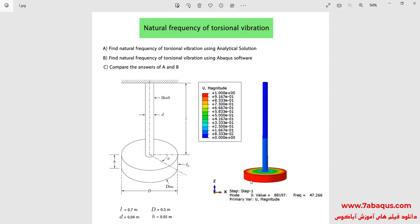In this illustration, we intend to simulate the natural frequency of torsional vibration in the Abaqus software. In this training video, we first calculate the natural frequency of torsional vibration using the analytical solution, then calculate it using the Abaqus software, and finally compare the results obtained from the Abaqus software with those gained from the analytical solution.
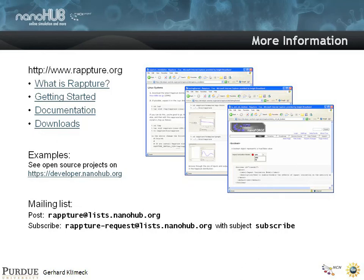Here are some examples on how to get started: what is Rappture, getting started, documentation and downloads. That's really a fast overview of what Rappture is about.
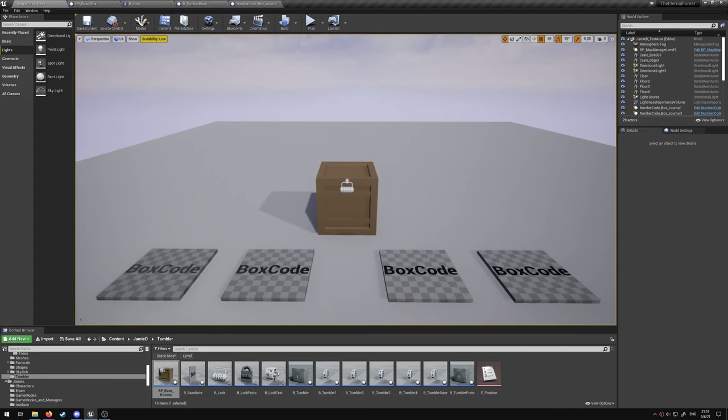And that is the box puzzle. Thank you for watching. Bye.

§ **What you will do**: Give again, word for word, only the lines from the line containing "Here are some" through the last line above, both included; leave the pictures out.

§ **Solution to the problem**:
Here are some examples on how to get started: what is Rappture, getting started, documentation and downloads. That's really a fast overview of what Rappture is about.
And that is the box puzzle. Thank you for watching. Bye.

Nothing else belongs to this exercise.